Poi, però, abbiamo scoperto che Putin faceva sul serio e, nonostante i tentativi negoziali più o meno seri, la federazione russa ha veramente iniziato a bombardare l’Ucraina aprendo una crisi destinata a rimanere nei libri di storia.
La reazione, nonostante giorni di sostanziale attendismo o di speranze, non si è fatta attendere sui principali listini europei.
Da inizio anno (giorno di riferimento 4 marzo) l’indice Stoxx Europe 600 ha lasciato sul piatto il 13,92% mentre l’Euro Stoxx 50 tocca il -17,91% avvicinandosi al bear market.
Gli indici nazionali, ovviamente, ricalcano quanto accade da quelli continentali: Dax 30 -18,27%, Cac 40 -16,01%, FTSE MIB -18,99%.
Per dare un’idea che potesse connettere la realtà alla previsione di fine 2021, da inizio anno l’indice S&P500 ha perso “solo” il 9,75% ed il Nasdaq 100 arriva al 16,14%.
In pratica, se ci fermassimo ai numeri e senza leggere i fatti di cronaca, l’Europa sta perdendo quanto il Nasdaq 100 dalla cui ipotetica discesa ci dovevamo “proteggere”.
Sul Vecchio Continente pesano la prossimità della guerra e le ingenti sanzioni annunciate dalla Comunità Internazionale alla Russia che fanno temere “ritorsioni” da Mosca circa la fornitura di gas e petrolio, indispensabili per l’industria ed i consumi europei.

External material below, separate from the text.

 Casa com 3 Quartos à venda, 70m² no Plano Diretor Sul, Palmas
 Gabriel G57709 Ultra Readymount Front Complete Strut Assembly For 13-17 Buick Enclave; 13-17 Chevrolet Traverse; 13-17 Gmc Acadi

Si può dire che Putin, con il suo attivismo militare, abbia per adesso rovesciato le carte che erano state apparecchiate sul tavolo degli analisti e, per il momento, ci si deve aprire ad interrogativi che ovviamente vanno anche oltre il mero ambito finanziario.
Che fare?
Posto che è sempre difficile dare consigli generali ed astratti validi per tutti, in una fase come quella attuale l’attesa è d’obbligo: il quadro descritto non è cambiato, è “solo” peggiorato.
Tutto quello che era valido a fine 2021 lo è ancora, purtroppo c’è “solo” una guerra in più a rendere ancora più complesso l’immediato futuro.
La soluzione diplomatica al conflitto, oltre a risparmiare migliaia di vite umane, con ogni probabilità sarà il compromesso necessario anche per attutire le conseguenze del probabile tracollo dell’economia russa e per dare un minimo di certezze in più all’Europa partendo proprio dal costo delle materie prime che, senza una maggiore stabilità, è destinato a rimanere l’ostacolo più grande alla ripresa post pandemica.
Ripresa essenziale, a sua volta, per “mitigare” l’inflazione. Lo scenario negativo, nelle stanze dei bottoni di Bruxelles, si chiama “deflazione” e non conviene a nessuno.